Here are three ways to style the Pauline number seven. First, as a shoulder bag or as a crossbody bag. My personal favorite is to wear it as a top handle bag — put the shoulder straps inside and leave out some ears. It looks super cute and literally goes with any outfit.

============================================================

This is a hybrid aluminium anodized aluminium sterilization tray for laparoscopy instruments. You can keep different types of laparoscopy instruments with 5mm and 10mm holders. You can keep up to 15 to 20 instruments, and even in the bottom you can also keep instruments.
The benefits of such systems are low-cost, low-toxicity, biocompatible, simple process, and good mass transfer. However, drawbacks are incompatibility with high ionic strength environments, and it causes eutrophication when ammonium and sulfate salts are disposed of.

============================================================

All that is wanted is the stretch of lines above from the one containing "This is a hybrid" through the one containing "The benefits of", duplicated exactly.

This is a hybrid aluminium anodized aluminium sterilization tray for laparoscopy instruments. You can keep different types of laparoscopy instruments with 5mm and 10mm holders. You can keep up to 15 to 20 instruments, and even in the bottom you can also keep instruments.
The benefits of such systems are low-cost, low-toxicity, biocompatible, simple process, and good mass transfer. However, drawbacks are incompatibility with high ionic strength environments, and it causes eutrophication when ammonium and sulfate salts are disposed of.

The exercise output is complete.